§ **DIRECTIONS FOR THIS TASK**: Could you print, exactly and without pictures, only the lines from the one with "Used 2020 RAM 3500 Limited image 6" through the end of the records below?

(Data extracted from a collection)
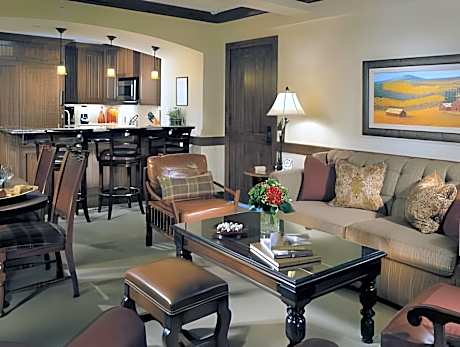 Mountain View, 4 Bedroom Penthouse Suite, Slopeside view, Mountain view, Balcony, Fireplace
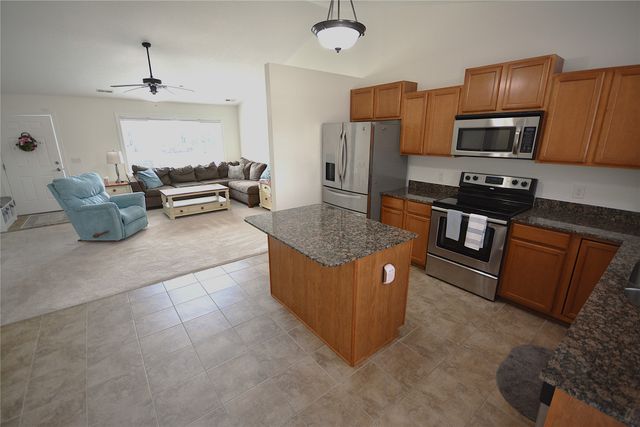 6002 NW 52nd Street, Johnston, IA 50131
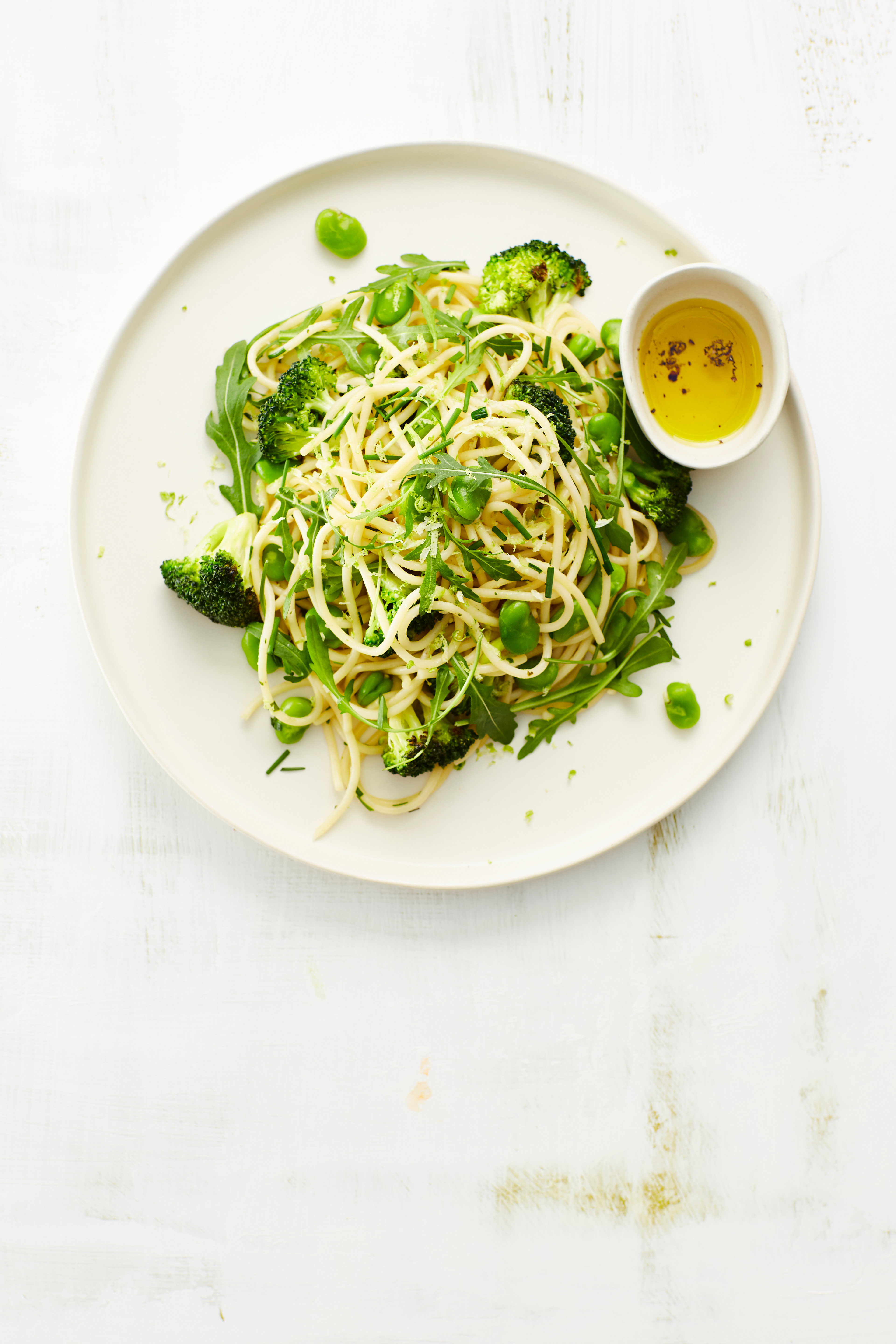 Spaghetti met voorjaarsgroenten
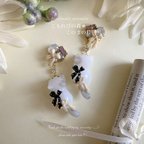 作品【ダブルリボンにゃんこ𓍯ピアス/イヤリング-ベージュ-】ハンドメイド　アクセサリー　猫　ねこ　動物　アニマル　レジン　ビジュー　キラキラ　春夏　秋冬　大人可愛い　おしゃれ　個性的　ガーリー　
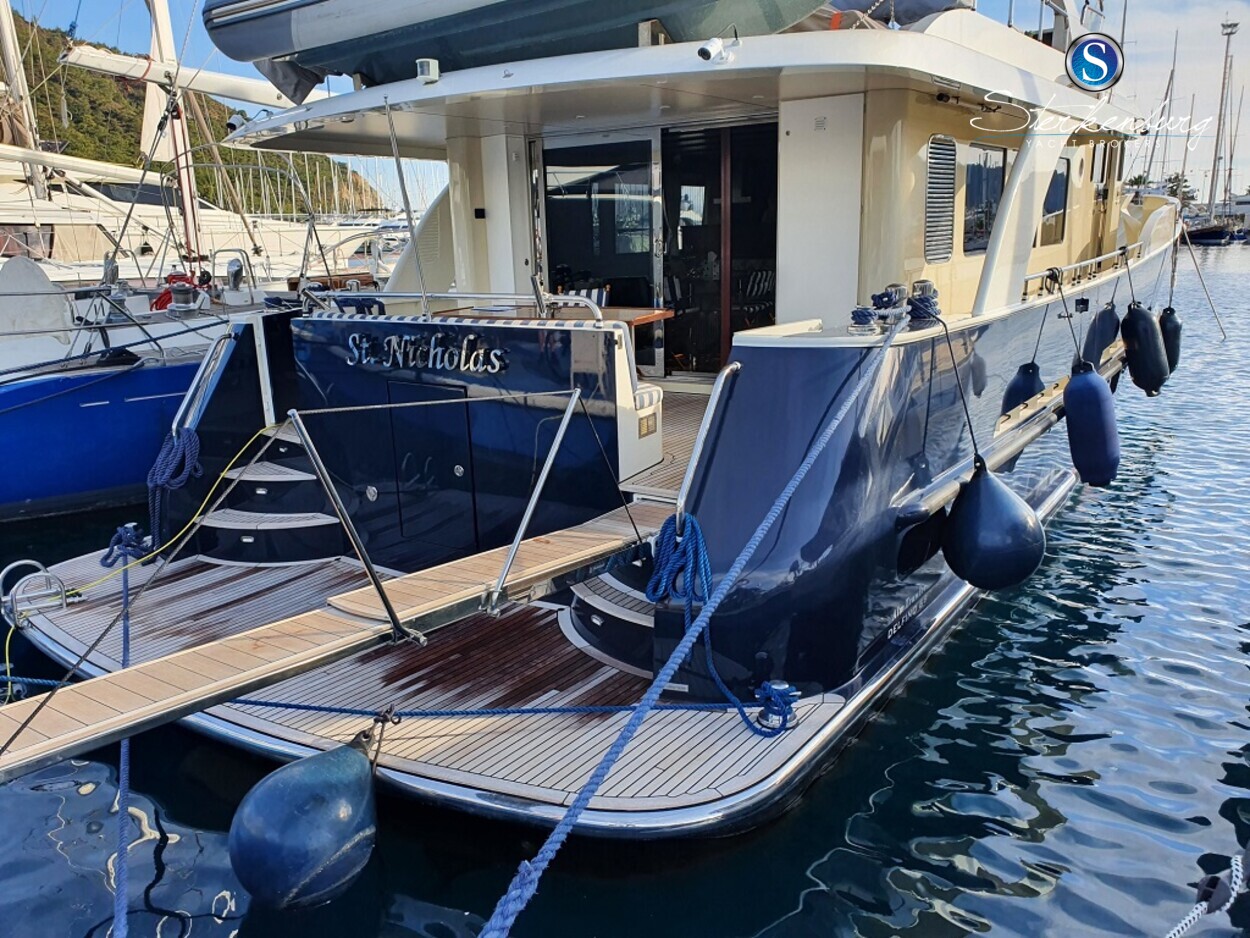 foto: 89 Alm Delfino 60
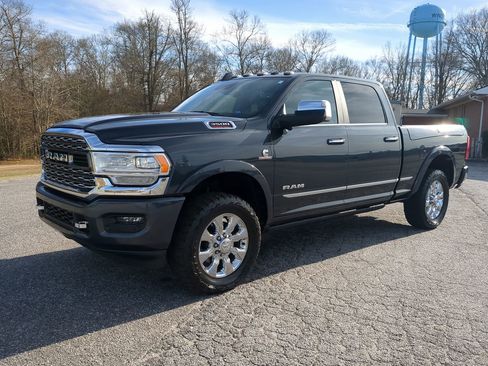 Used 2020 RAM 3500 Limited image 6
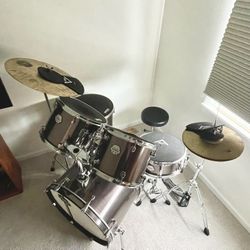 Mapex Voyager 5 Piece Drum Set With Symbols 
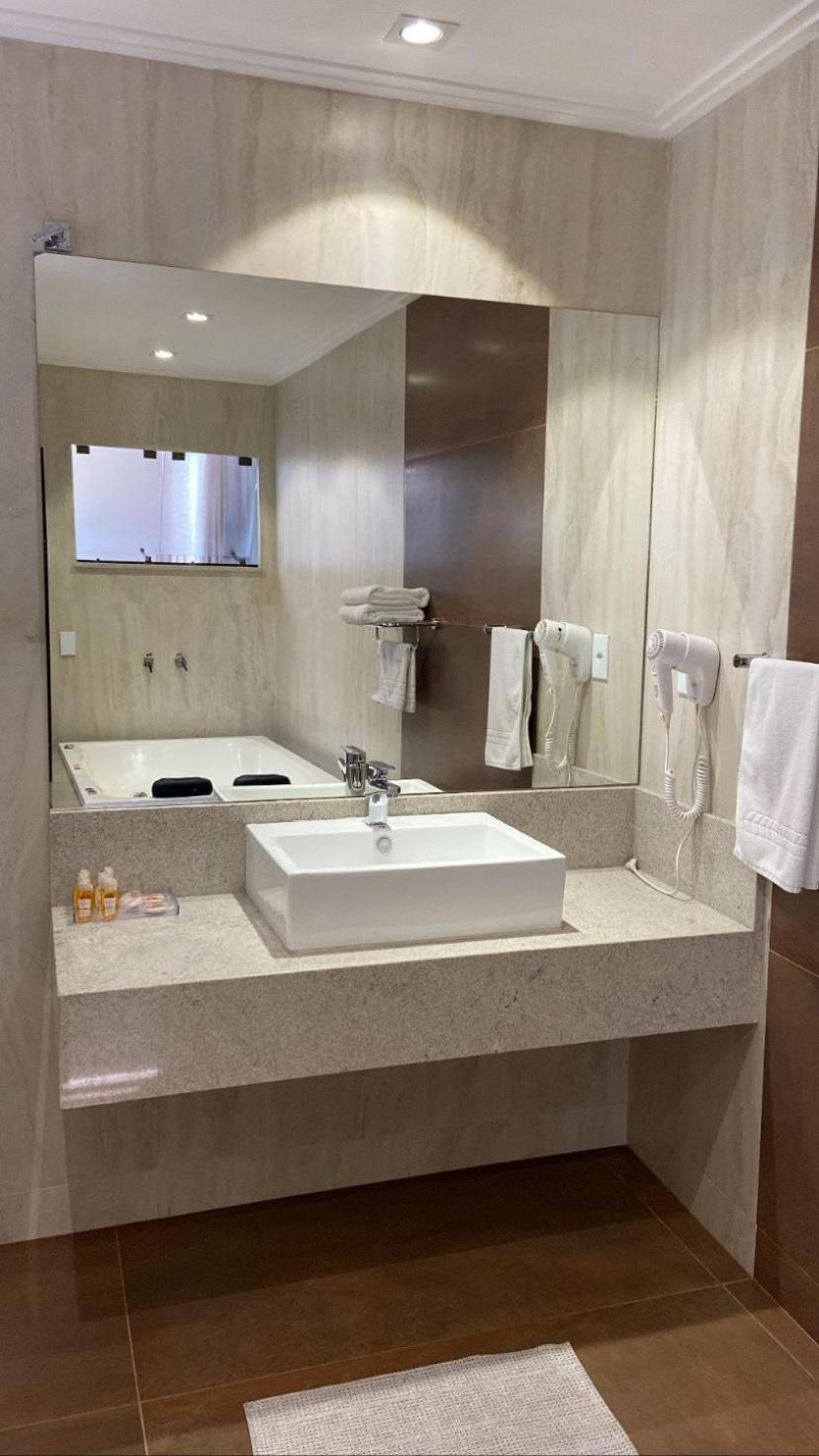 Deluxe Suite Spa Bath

§ **RESULT OF THE TASK**:
 Used 2020 RAM 3500 Limited image 6
 Mapex Voyager 5 Piece Drum Set With Symbols 
 Deluxe Suite Spa Bath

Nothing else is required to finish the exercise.